Fatima Youssouf, l’une des doyennes du quartier, a attendu le dernier moment pour quitter sa maison, dans laquelle elle a «investi toutes [ses] économies», raconte-t-elle à l’AFP. Dans la précipitation, elle n’a pas pu enlever toutes ses affaires. «Pour l’instant, je n’ai pas de logement, confie la femme de 55 ans. Je dors dans mon restaurant, avec ma famille.» La veille, cette femme originaire des Comores, arrivée par voie légale et cumulant deux jobs pour vivre, se montrait dépitée : «Là on va détruire toute ma vie. On casse ma maison, mes biens. On casse tout. Il vaut mieux que j’enlève tout.» Et de s’interroger : «Le préfet dit qu’il va nous donner des maisons pour trois mois, six mois. Et les enfants, après, ils font quoi ?»

L’intéressé, Thierry Suquet, assure que «la moitié des familles qui vivaient dans ce quartier ont été relogées». Ses services ont dénombré «162 cases à démolir» sur place, une opération qui «devrait durer toute la semaine», selon Psylvia Dewas, chargée de la résorption de l’habitat illégal à la préfecture de Mayotte. Lundi, environ 200 personnes dont 150 gendarmes étaient mobilisées pour l’occasion, tandis que les opérations se déroulaient sans troubles. Plus de 500 policiers et gendarmes de métropole sont arrivés depuis courant avril pour mener à bien l’opération Wuambushu, qui vise à réduire l’habitat insalubre, lutter contre la délinquance et expulser les migrants en situation irrégulière, pour la plupart venus de l’archipel des Comores voisines.

Opération «brutale» et «anti-pauvres»

Le préfet défend une politique «équilibrée» qui, selon lui, permettra «aux Français qui vivent dans ces conditions-là et aux étrangers en situation régulière» d’avoir «un hébergement adapté». Même tonalité chez les élus et de nombreux habitants mahorais, ainsi que du côté de la Place Beauvau où le ministre de l’Intérieur, Gérald Darmanin, s’est félicité dans un tweet de la reprise des démantèlements : «Le volontarisme politique paye : nous continuons la destruction des bidonvilles, dans lesquels habitaient de nombreuses familles dans des conditions indignes, en proposant des relogements.» Au contraire, Wuambushu est dénoncée comme «brutale», «anti-pauvres» et violant les droits des migrants par certaines associations.

Talus 2 n’est que la première étape d’un processus qui doit durer encore plusieurs mois.
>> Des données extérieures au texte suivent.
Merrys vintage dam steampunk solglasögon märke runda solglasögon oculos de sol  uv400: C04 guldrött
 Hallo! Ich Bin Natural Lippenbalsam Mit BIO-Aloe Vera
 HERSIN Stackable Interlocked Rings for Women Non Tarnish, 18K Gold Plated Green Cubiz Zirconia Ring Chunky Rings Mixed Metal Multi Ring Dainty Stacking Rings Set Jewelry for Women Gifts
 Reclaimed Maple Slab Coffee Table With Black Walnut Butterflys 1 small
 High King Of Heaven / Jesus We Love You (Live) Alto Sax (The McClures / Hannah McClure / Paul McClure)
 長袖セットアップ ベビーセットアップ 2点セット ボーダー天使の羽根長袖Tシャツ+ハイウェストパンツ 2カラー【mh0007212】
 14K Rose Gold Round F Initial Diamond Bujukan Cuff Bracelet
Au total, les autorités prévoient de détruire un millier de logements insalubres à Mayotte, dans une quinzaine de périmètres. Selon le préfet, sur les logements identifiés pour être démolis, «300 ont déjà fait l’objet d’enquêtes sociales». Les personnes en situation régulière se verront proposer «une solution de relogement au fur et à mesure» mais, a-t-il prévenu, «le principe de démolition n’est jamais remis en question, même si les familles refusent les propositions».

Les associations craignent aussi que Wuambushu ne mette en danger les droits des personnes migrantes. Sur les 350 000 habitants estimés de Mayotte, la moitié n’a pas la nationalité française. Beaucoup sont originaires des Comores voisines, et en situation irrégulière. Un bras de fer a opposé Paris et Moroni, entraînant la suspension de la liaison maritime entre Mayotte et la proche île comorienne d’Anjouan pendant près de trois semaines. Mais les expulsions de sans-papiers comoriens ont pu reprendre mercredi à la faveur du redémarrage des rotations. Le rythme, certes soutenu, reste cependant dérisoire, alors que des milliers de Comoriens tentent chaque année la traversée depuis leur pays, distant de 70 kilomètres, à bord des kwassas kwassas.